The key is not to lament on how "stupid" people are for not considering evidence they have no access to, but rather to provide that access. There needs to be more debunking on TV. It's the only way to reach them.
 
Rolfe said:

I just thought, here we are on Earth, which is the intelligent species most likely to have made them?

Rolfe.
Ooh, ooh, a riddle! Um... I guess we can rule out the dolphins in all case except 'seaweed circles'...

How about a hint?
 
Hans---You went through a lot of effort rebutting my post. I had the coutesy to read it all. But tell me this: CAN you get to the EXACT most center of the leaf, down to the most subatomic particle. That is what I'm getting at. The outer rim of the leaf stops at the atmosphere. But where does the makings of an atom stop. Maybe there isn't one. Maybe imatter gets smaller and smaller into infinitum, where, as once scientist has 'proven', that it finally spontaneosly appears out of nothingness.

Can I comment on the rest of your rebuttal? Not really, because I was questioning all the things I listed, myself. I am just not quite so sure that all these things HAVE been disproven, as you so claim. Who is it that claims Van Daniken doesn't know what he is talking about. Who's word speaks the truth?! For every person who disproves, there is somone else studying any of the listed things who thinks there just might be something to it. And a case in point: Joe Newman, from his 'Energy Machine' fame, had/has? something like 30 reputable Ph.D's in electo engineering and associated fields that stood behind his claims that his unbelievable machine which defies the laws of physics, actually works. They could be all wet. But for a layman like me, this poses great difficulty in having the truth assertained.
 
lamme,

Who is it that claims Van Daniken doesn't know what he is talking about.
Sheesh...it's not that hard to find, you know : Von Daniken

But if you're really concerned about "who to believe" then just buy and read "Gold of the Gods". Then come back and say you think Von Daniken is anything other than a total fraud who lies whenever necessary.
 
Youngstown, Ohio.
I grew up there and then left.
Economic h***.
 
Joshua Korosi said:


That's the press's fault, not the people themselves. Think about it:

.......snip.......

The key is not to lament on how "stupid" people are for not considering evidence they have no access to, but rather to provide that access. There needs to be more debunking on TV. It's the only way to reach them.

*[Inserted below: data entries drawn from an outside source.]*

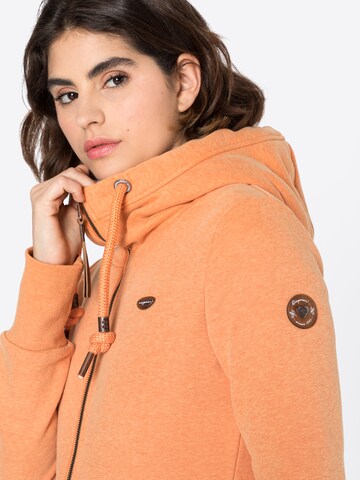 Ragwear Zip-Up Hoodie 'Neska' in Orange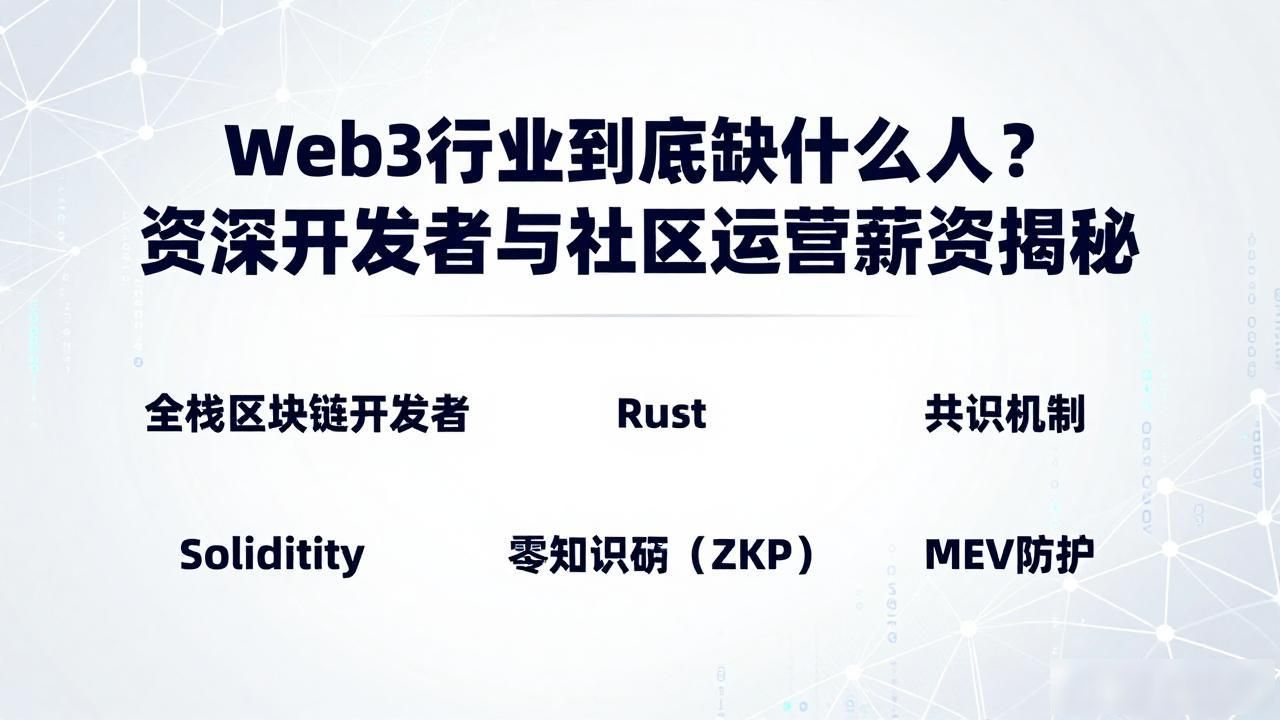 Web3 行业人才需求分析_人才需求分析报告_行业人才需求状况及趋势分析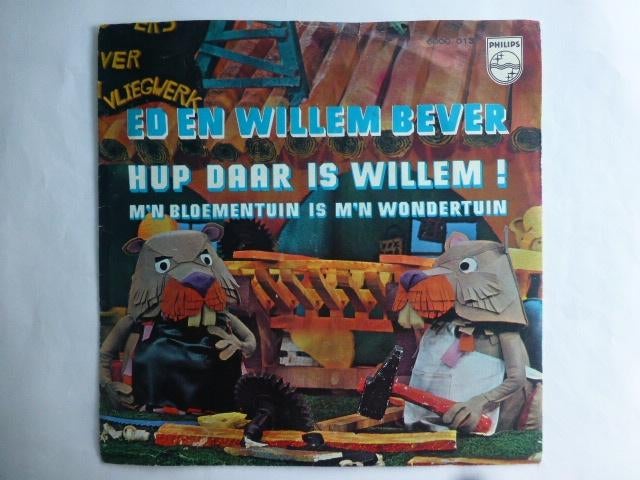 Ed en Willem Bever. Hup daar is Willem./ M'n bloementuin, Ophalen of Verzenden, Gebruikt, Nederlandstalig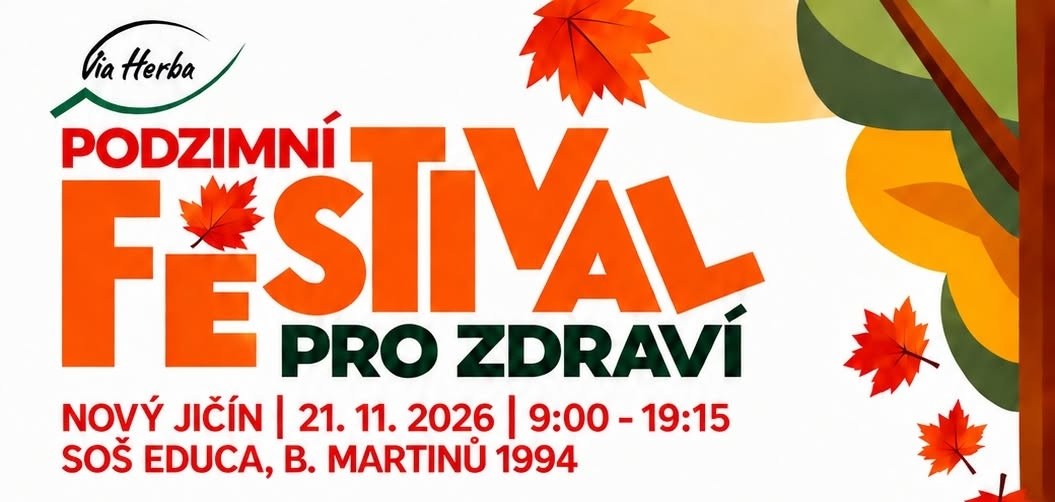 Přednáška "Praktické zkušenosti s přírodní léčbou nemocí nervového systému" - Festival pro zdraví Nový Jičín 21.11.2026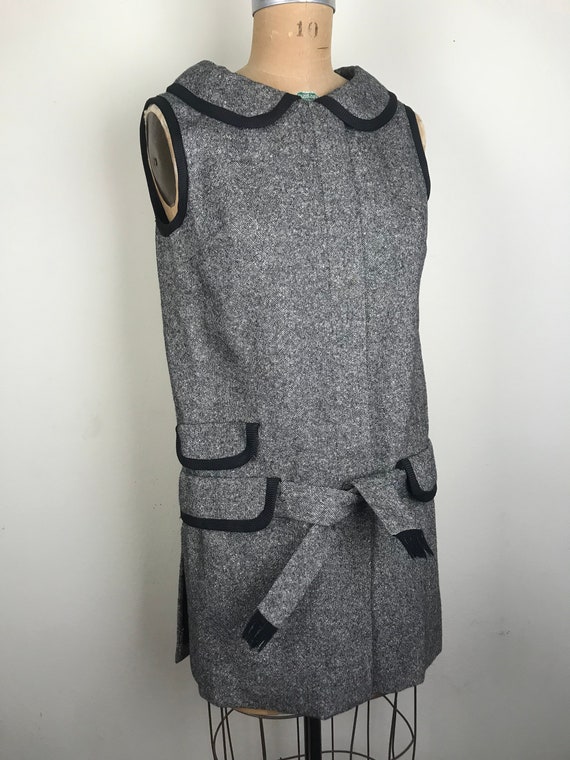Vintage 1960s 60s Tweed vest top Mam’selle by Bet… - image 9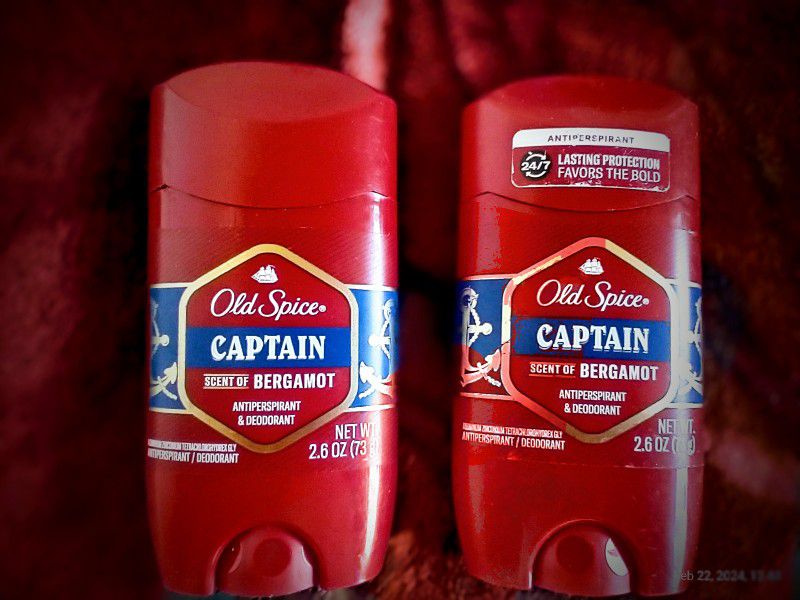 Old Spice Antiperspirant Deodorant for Men, Captain 2.6 oz (2) 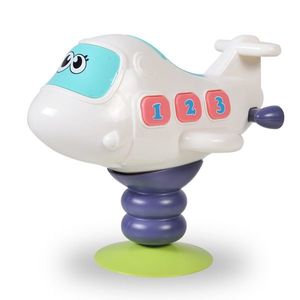 Jucarie pentru scaunul de masa avion cu muzica si lumini Baby Plane imagine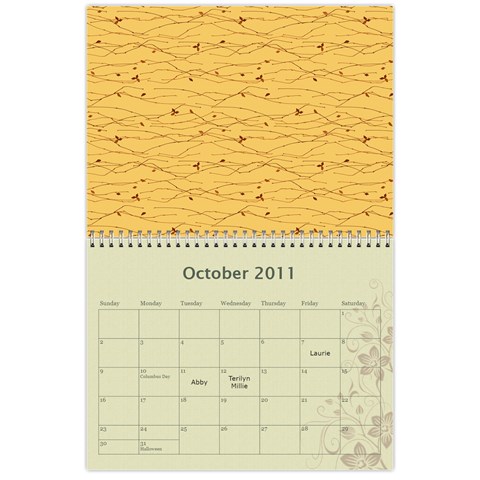 2011 Calendar By Laurie Oct 2011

I agree with you up to a point. The TV companies and magazines deliberately peddle the exotic and the bizarre. The truth is less attractive, and therefore less commercial.

I have seen one or two excellent programs debunking crop circles and other paranormal claims, but even when some attempt is made to address some aspect of the paranormal, as in the recent UK program on mediumship which featured James Randi, there is far too much fence sitting.

The fact is that nothing of any merit has ever been proven in relation most paranormal claims, and yet the program makers seem reluctant to question such claims forcefully and seem more concerned not to alienate any section of their audienc by taking sides.

Yes, it is dissapointing. But on the other hand people must surely take some responsibility for their own gullability? Is it really asking too much for people to questions some of the outlandish notions that they get presented with? After all, as someone once tellingly remarked, we are ALL sceptics on a used car lot!